== REQUIRED ACTION ==
The lines to copy run from the one containing "The AWS vs Azure" to the end of the listing. Please write them out exactly, minus the pictures.

== RECORDS FOR PROCESSING ==
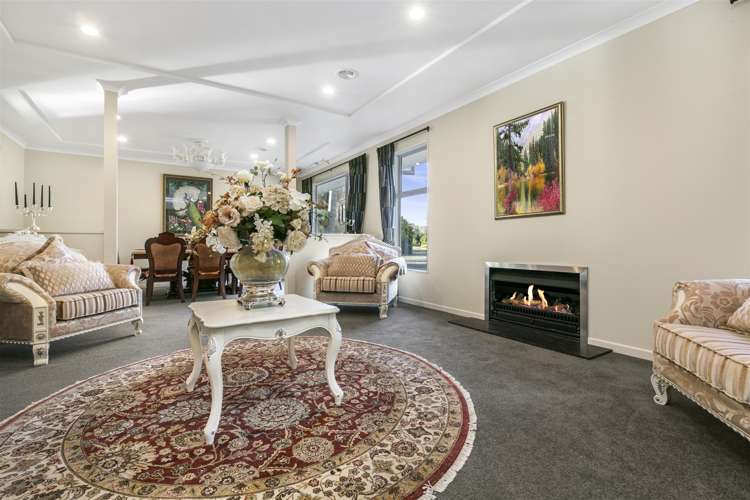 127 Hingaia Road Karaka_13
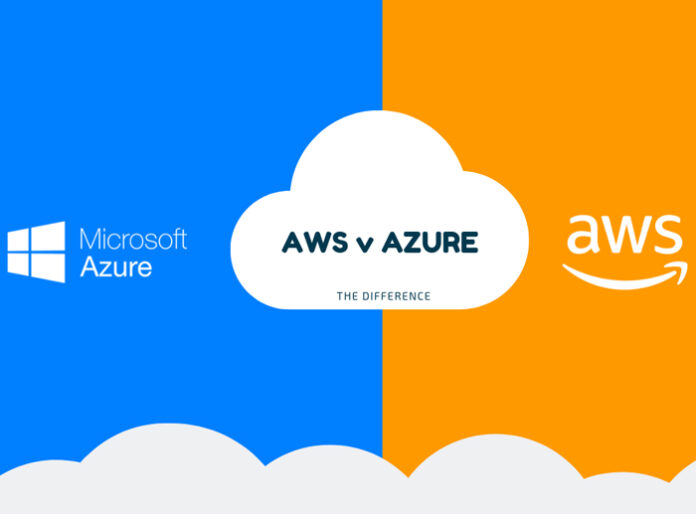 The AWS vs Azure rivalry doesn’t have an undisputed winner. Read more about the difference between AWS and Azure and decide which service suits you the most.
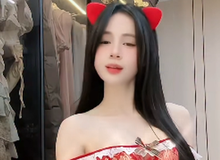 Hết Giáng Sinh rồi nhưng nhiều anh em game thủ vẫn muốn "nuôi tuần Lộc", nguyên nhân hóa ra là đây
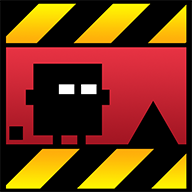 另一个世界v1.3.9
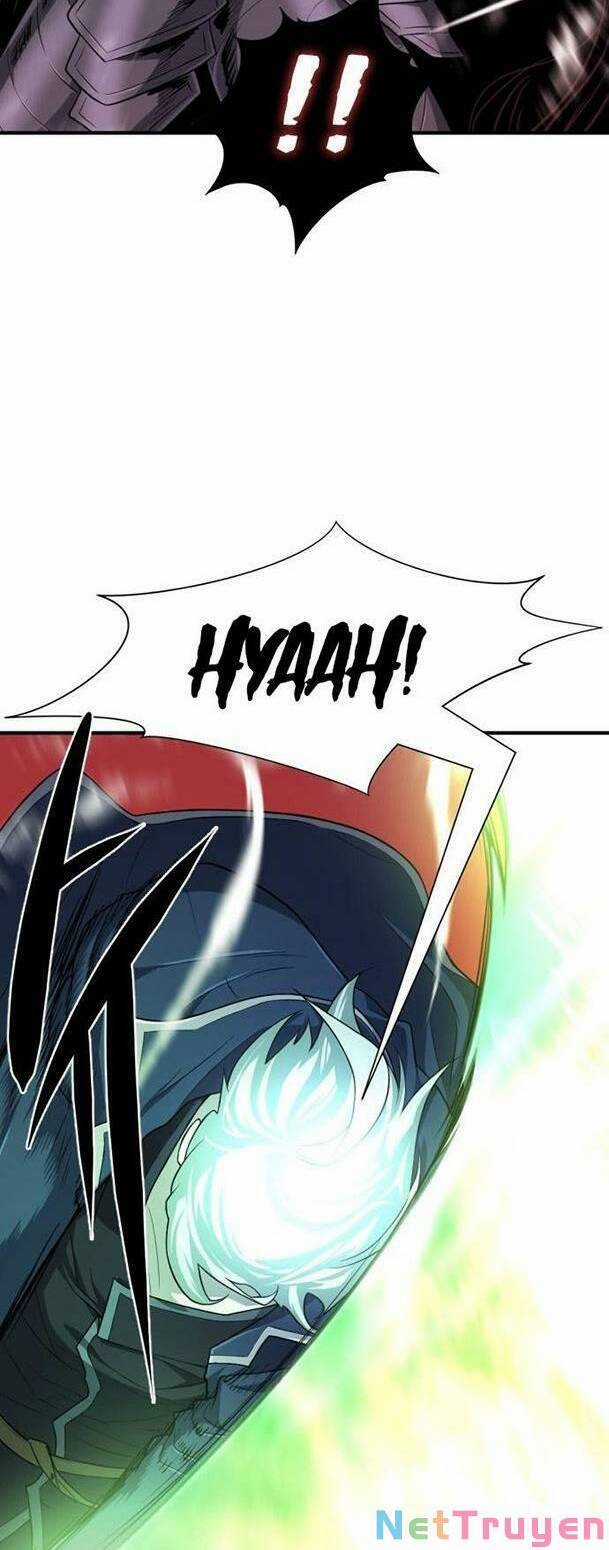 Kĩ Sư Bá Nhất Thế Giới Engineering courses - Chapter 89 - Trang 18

== TASK RESULT ==
 The AWS vs Azure rivalry doesn’t have an undisputed winner. Read more about the difference between AWS and Azure and decide which service suits you the most.
 Hết Giáng Sinh rồi nhưng nhiều anh em game thủ vẫn muốn "nuôi tuần Lộc", nguyên nhân hóa ra là đây
 另一个世界v1.3.9
 Kĩ Sư Bá Nhất Thế Giới Engineering courses - Chapter 89 - Trang 18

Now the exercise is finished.